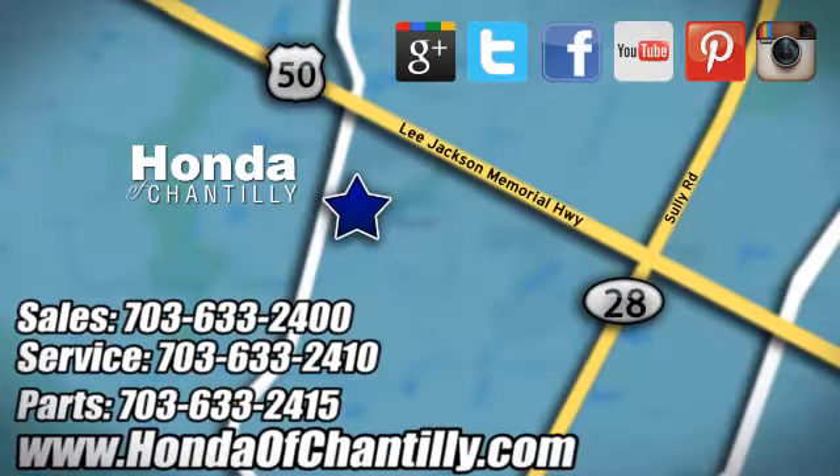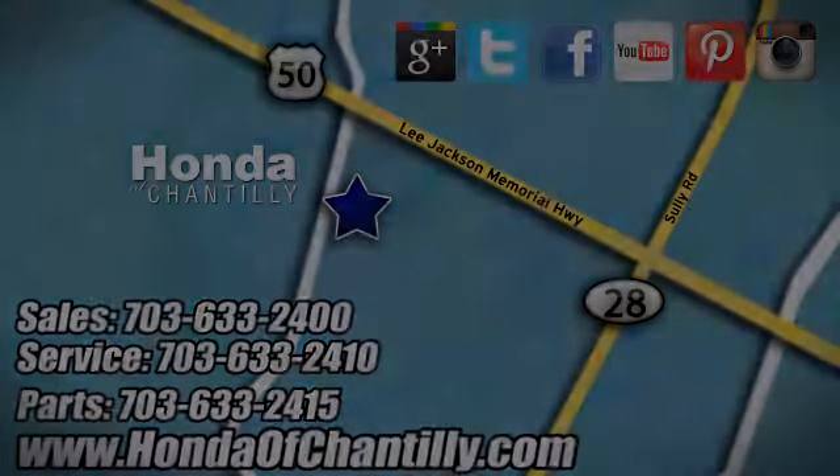Honda of Chantilly. We're conveniently located just south of Dulles Airport at 4175 Stonecroft Boulevard in Chantilly.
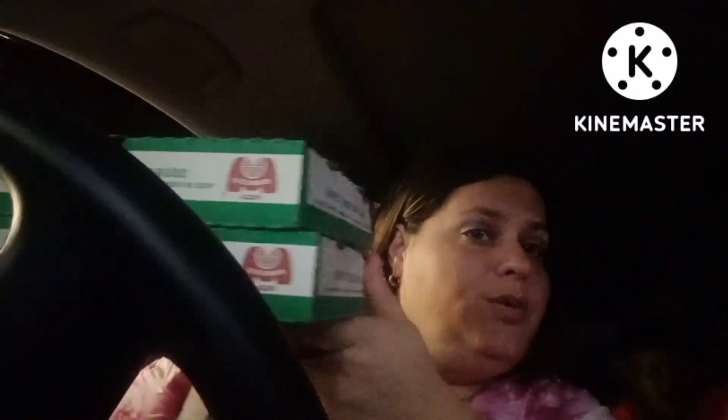Alright guys, I have the two items from Marcos Pizza and now it's time to go and deliver them. I can't give the address out because that's personal information, but we'll see you in a few.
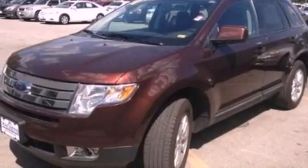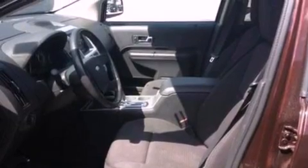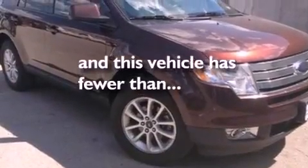A multi-function display, air conditioning, cruise control, a leather-wrapped steering wheel, a four-wheel independent suspension, a rear spoiler, a passenger side vanity mirror, dusk-sensing headlights, a split folding rear seat, and this vehicle has less than 34,000 miles.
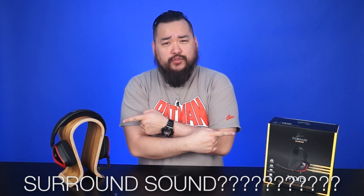Surround Sound. You think you know what it is, but maybe you have no idea. This is 'What is Surround Sound?' featuring the Corsair Void surround headset.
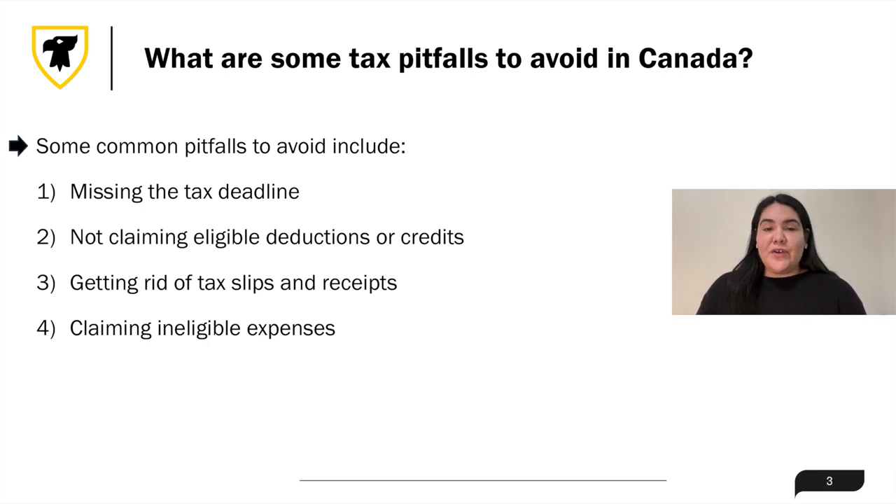Some common pitfalls to avoid include, first, missing the tax deadline. This can result in delays in receiving your tax refund and benefits payments, such as the GST-HST credit or Canada Child Benefit, as well as accrued penalties or interest charges.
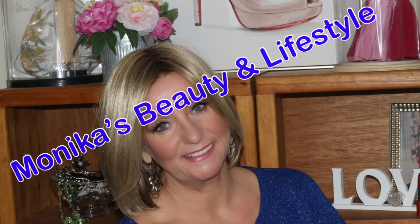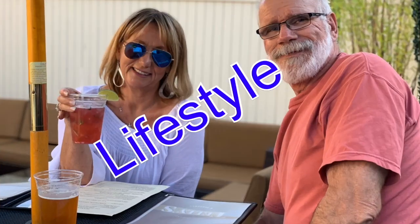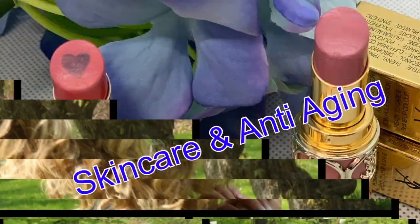Hey guys, it's Monica. I am going to be doing an empties video. I sometimes let my empties pile up way too long, so I'm going to try to be brief and share my empties, talking about the things I've repurchased or liked. I also have a favorites video coming up, so make sure you check that out.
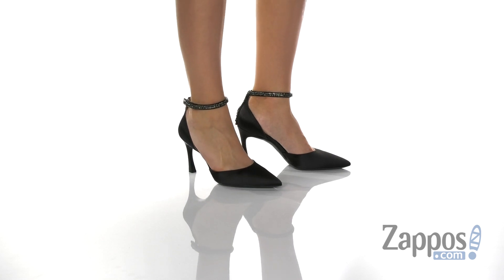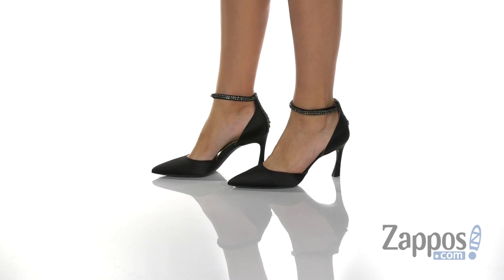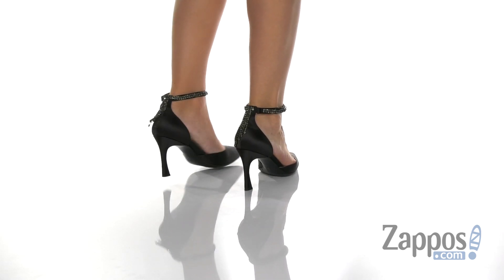Abigail from Zappos here, and this is Alyssa by Naturalizer. These awesome heels are crafted with a leather upper and they have a rhinestone adorned heel with an ankle strap.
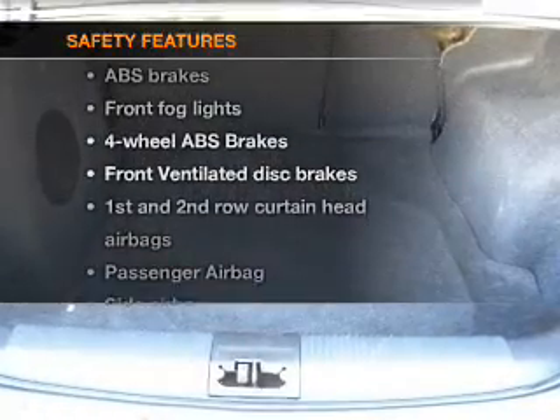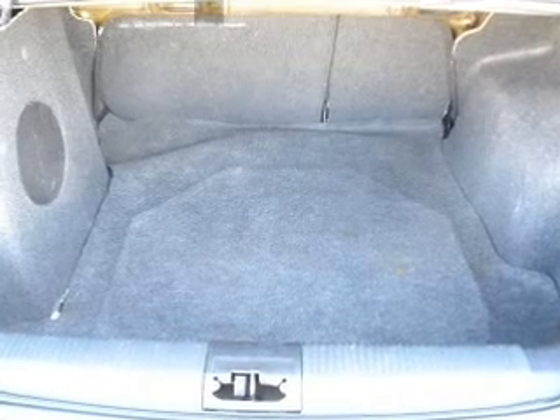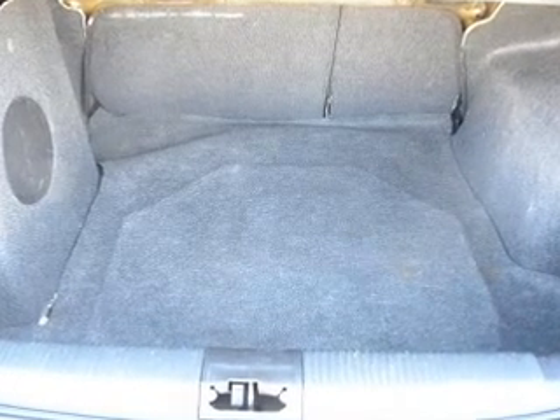And for your peace of mind, the following safety equipment is included: front ventilated disc brakes, passenger airbag, side airbag, curtain head airbags, and stability control.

+---+

**Task details**
Above is a listing with pictures. Write it out exactly without them.

**Answer**
Honda of Chantilly. We're conveniently located just south of Dulles Airport at 4175 Stonecroft Boulevard in Chantilly.
Alright guys, I have the two items from Marcos Pizza and now it's time to go and deliver them. I can't give the address out because that's personal information, but we'll see you in a few.
A multi-function display, air conditioning, cruise control, a leather-wrapped steering wheel, a four-wheel independent suspension, a rear spoiler, a passenger side vanity mirror, dusk-sensing headlights, a split folding rear seat, and this vehicle has less than 34,000 miles.
Surround Sound. You think you know what it is, but maybe you have no idea. This is 'What is Surround Sound?' featuring the Corsair Void surround headset.
Some common pitfalls to avoid include, first, missing the tax deadline. This can result in delays in receiving your tax refund and benefits payments, such as the GST-HST credit or Canada Child Benefit, as well as accrued penalties or interest charges.
Hey guys, it's Monica. I am going to be doing an empties video. I sometimes let my empties pile up way too long, so I'm going to try to be brief and share my empties, talking about the things I've repurchased or liked. I also have a favorites video coming up, so make sure you check that out.
Abigail from Zappos here, and this is Alyssa by Naturalizer. These awesome heels are crafted with a leather upper and they have a rhinestone adorned heel with an ankle strap.
And for your peace of mind, the following safety equipment is included: front ventilated disc brakes, passenger airbag, side airbag, curtain head airbags, and stability control.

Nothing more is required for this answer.